[Python-Dev] sum(...) limitation

Tue Aug 12 05:50:21 CEST 2014

Chris Barker - NOAA Federal writes:

 > Is there anything in the language spec that says string concatenation is
 > O(n^2)? Or for that matter any of the performs characteristics of build in
 > types? Those striker as implementation details that SHOULD be particular to
 > the implementation.

Container concatenation isn't quadratic in Python at all.  The naive
implementation of sum() as a loop repeatedly calling __add__ is
quadratic for them.  Strings (and immutable containers in general) are
particularly horrible, as they don't have __iadd__.

You could argue that sum() being a function of an iterable isn't just
a calling convention for a loop encapsulated in a function, but rather
a completely different kind of function that doesn't imply anything
about the implementation, and therefore that it should dispatch on
type(it).  But explicitly dispatching on type(x) is yucky (what if
somebody wants to sum a different type not currently recognized by the
sum() builtin?) so, obviously, we should define a standard __sum__
dunder!  IMO we'd also want a homogeneous_iterable ABC, and a concrete
homogeneous_iterable_of_TYPE for each sum()-able TYPE to help users
catch bugs injecting the wrong type into an iterable_of_TYPE.
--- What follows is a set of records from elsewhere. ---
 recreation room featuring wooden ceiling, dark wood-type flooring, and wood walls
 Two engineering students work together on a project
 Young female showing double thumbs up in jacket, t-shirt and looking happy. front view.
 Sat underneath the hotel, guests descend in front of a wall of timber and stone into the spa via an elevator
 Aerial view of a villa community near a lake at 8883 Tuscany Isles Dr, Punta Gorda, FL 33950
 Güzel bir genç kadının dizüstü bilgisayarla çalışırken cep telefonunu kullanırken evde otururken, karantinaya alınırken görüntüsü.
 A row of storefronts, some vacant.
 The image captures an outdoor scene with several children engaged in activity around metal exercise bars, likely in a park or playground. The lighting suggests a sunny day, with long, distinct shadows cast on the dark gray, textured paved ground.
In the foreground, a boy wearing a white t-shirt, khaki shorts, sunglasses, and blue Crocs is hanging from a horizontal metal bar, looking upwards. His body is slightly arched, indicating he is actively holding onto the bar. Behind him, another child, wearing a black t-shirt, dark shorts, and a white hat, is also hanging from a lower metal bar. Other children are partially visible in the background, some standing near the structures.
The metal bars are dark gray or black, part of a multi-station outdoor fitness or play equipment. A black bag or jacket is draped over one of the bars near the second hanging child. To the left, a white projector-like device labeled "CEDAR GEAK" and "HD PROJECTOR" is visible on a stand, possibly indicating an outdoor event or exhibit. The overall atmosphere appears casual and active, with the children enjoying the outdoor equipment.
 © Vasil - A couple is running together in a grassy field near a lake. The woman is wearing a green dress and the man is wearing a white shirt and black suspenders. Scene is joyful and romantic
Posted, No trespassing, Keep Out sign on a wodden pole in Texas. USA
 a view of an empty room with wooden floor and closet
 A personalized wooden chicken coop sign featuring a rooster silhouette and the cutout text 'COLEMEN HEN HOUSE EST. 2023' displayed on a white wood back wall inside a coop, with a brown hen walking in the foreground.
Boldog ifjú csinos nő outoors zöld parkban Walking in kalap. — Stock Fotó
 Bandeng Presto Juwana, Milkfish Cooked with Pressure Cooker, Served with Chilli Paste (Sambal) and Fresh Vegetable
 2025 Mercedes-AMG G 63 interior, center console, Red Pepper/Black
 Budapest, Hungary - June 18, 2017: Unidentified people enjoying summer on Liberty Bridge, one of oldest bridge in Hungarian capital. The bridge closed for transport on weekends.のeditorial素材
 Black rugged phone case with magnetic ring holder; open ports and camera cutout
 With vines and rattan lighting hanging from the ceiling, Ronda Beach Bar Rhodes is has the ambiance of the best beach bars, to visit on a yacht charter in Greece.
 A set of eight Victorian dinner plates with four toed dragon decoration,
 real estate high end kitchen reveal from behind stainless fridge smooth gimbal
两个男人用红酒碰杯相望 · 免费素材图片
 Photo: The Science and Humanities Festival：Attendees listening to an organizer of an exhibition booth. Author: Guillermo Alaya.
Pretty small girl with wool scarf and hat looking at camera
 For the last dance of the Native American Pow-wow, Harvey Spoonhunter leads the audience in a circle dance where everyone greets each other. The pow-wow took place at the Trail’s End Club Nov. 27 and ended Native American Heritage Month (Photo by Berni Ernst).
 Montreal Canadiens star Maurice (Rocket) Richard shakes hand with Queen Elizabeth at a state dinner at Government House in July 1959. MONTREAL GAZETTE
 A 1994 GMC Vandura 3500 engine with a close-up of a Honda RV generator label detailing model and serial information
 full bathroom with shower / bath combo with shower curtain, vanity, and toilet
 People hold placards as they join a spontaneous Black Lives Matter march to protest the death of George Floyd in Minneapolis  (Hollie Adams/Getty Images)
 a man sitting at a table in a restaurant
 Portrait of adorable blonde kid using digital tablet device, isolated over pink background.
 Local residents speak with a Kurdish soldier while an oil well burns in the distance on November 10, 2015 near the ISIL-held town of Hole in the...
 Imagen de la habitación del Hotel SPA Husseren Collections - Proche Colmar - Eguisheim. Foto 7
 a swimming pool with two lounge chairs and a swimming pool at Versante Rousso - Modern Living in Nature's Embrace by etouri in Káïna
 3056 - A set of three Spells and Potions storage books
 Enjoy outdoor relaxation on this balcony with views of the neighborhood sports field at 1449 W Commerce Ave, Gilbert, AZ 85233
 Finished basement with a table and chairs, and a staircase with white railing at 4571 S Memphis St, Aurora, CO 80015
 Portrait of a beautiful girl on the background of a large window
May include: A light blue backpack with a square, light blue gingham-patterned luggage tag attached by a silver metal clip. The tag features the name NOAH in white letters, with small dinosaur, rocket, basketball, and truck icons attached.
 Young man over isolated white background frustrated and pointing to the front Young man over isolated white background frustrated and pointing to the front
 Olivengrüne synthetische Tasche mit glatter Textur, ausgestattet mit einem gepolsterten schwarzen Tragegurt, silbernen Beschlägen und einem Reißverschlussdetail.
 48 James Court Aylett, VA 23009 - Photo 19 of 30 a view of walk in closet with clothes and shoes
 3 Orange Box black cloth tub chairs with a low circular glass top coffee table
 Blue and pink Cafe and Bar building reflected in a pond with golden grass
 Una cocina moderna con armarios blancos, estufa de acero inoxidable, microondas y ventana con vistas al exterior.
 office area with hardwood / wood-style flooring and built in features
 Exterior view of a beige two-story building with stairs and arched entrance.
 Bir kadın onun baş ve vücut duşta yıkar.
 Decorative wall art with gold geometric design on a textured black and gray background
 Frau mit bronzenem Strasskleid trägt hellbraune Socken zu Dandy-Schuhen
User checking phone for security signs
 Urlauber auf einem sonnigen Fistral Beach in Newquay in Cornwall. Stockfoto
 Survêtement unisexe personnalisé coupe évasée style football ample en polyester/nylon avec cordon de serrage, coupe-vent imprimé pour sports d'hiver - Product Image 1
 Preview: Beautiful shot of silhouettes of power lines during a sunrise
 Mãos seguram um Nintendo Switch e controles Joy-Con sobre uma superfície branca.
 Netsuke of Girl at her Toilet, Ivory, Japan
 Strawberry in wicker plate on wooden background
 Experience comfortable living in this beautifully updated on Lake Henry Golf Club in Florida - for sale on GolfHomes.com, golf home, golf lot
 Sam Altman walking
But this still sucks.  Why?  Because obviously we'd want the
attractive nuisance of "if you have __add__, there's a default
definition of __sum__" (AIUI, this is what bothers Alexander most
about the current situation, at least of the things he's mentioned, I
can really sympathize with his dislike).  And new Pythonistas and lazy
programmers who only intend to use sum() on "small enough" iterables
will use the default, and their programs will appear to hang on
somewhat larger iterable, or a realtime requirement will go
unsatisfied when least expected, or ....  If we *don't* have that
property for sum(), ugh!  Yuck!  Same old same old!  (IMHO, YMMV of
course)

It's possible that Python could provide some kind of feature that
would allow an optimized sum function for every type that has __add__,
but I think this will take a lot of thinking.  *Somebody* will do it
(I don't think anybody is +1 on restricting sum() to a subset of types
with __add__).  I just think we should wait until that somebody appears.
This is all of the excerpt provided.